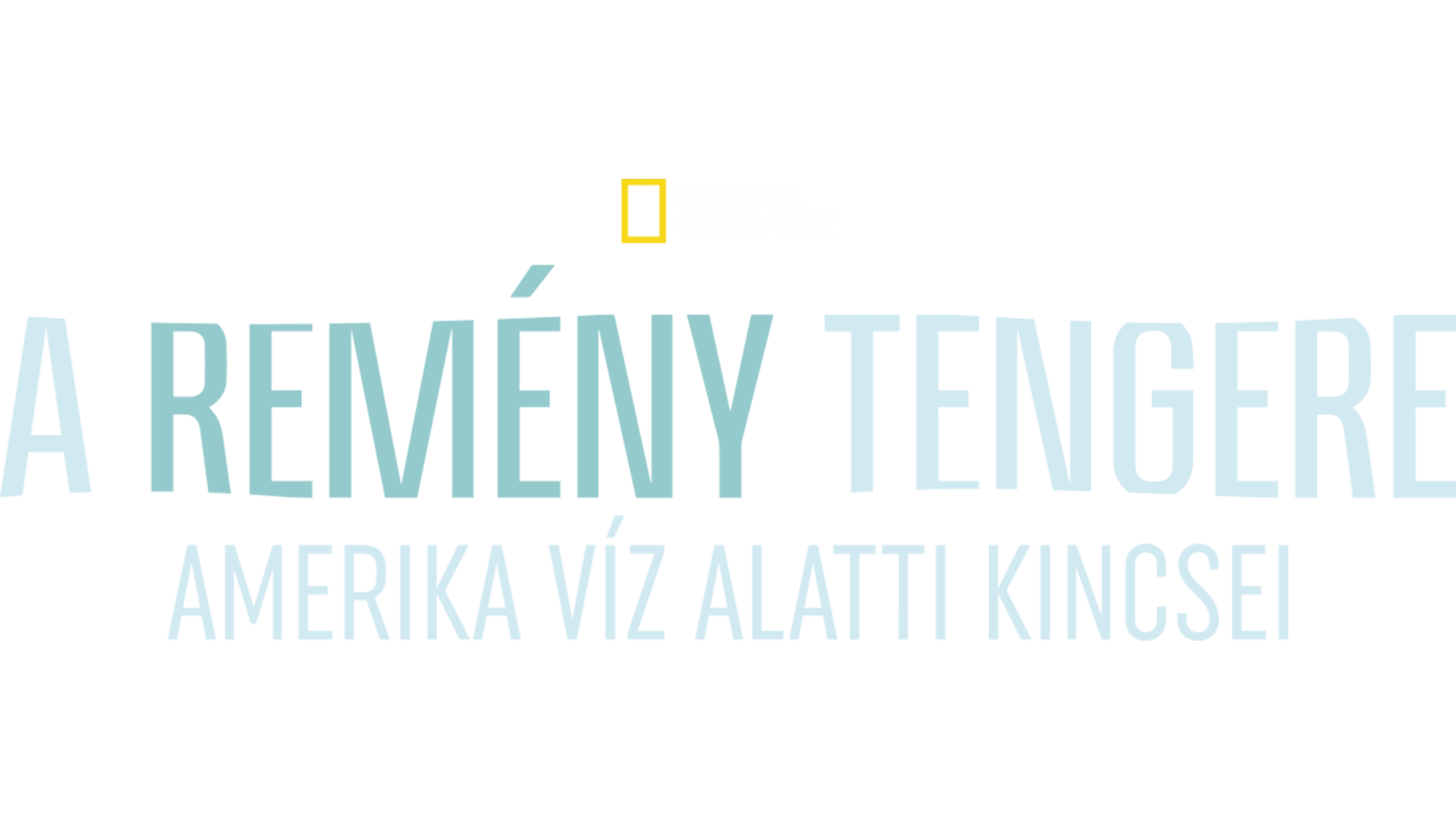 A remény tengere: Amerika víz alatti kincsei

* * *

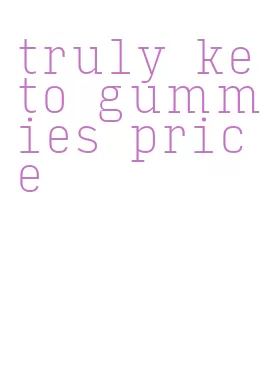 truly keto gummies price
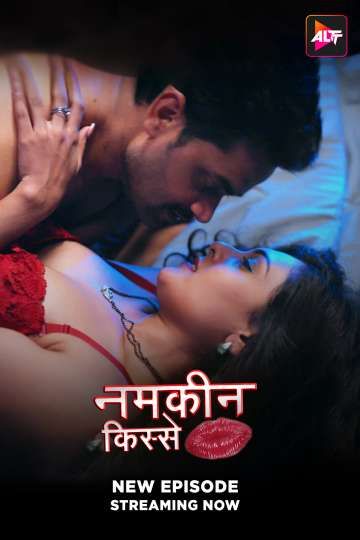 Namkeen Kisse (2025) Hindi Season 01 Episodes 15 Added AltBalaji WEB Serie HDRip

--

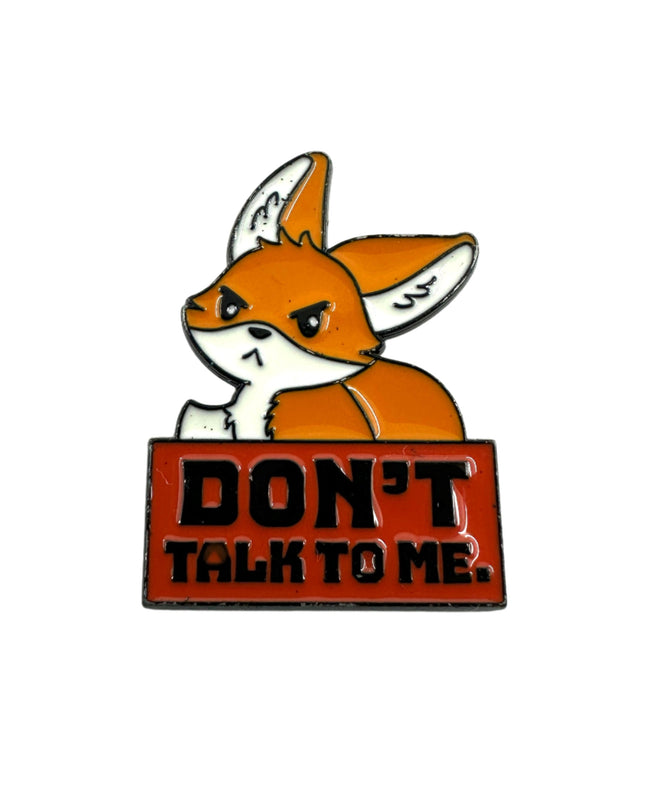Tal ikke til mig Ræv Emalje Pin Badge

▸ **TRY IT**
With the pictures removed from your copy, retype the lines above from the one that contains "truly keto gummies price" through the one that contains "Namkeen Kisse (2025)", exactly.

▸ **ANSWER SECTION**
 truly keto gummies price
 Namkeen Kisse (2025) Hindi Season 01 Episodes 15 Added AltBalaji WEB Serie HDRip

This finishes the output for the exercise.